The funny thing is, we’ve been here before. A very similar phenomenon occurred in the 80s when OOP began to go mainstream. Objects are an ideal way of representing graphical widgets, so OOP was a natural fit for developing Graphical User Interfaces (GUIs). However, once people started using objects, they found them to be an intuitive way to represent many “domains.” You could model the problem domain in objects, then put the same object model in the code! Even implementation details, like various forms of input and output, seemed ideal for object modeling.
But let’s be clear, both FP and OOP are tools, not panaceas. Each has advantages and disadvantages. It’s easy to stick with the tried and true, even when there might be a better way available. Even so, it’s hard to believe that objects, which have worked so well in the past, could be any less valuable today, isn’t it? For me, my growing interest in functional programming isn’t a repudiation of objects, which have proven benefits. Rather, it’s a recognition that the drawbacks of objects are harder to ignore when faced with the programming challenges of today. The times are different than they were when objects were ascendant several decades ago.

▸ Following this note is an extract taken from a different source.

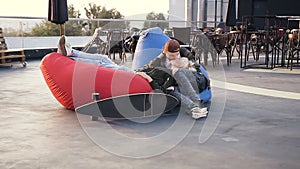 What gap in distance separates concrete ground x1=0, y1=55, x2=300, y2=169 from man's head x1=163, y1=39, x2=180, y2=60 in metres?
0.67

Here, in brief, is why I became a functional programmer and why I believe you should learn about it, too. For me, functional programming offers the best approach to meet the following challenges, which I face every day.
It used to be that a few of the “smart guys” on the team wrote most of the concurrent code, using multithreaded concurrency, which requires carefully synchronized access to shared, mutable state. Occasionally everyone would get a midnight call to debug some nasty concurrency bug that appeared in production. But most of the time, most of the developers could ignore concurrency.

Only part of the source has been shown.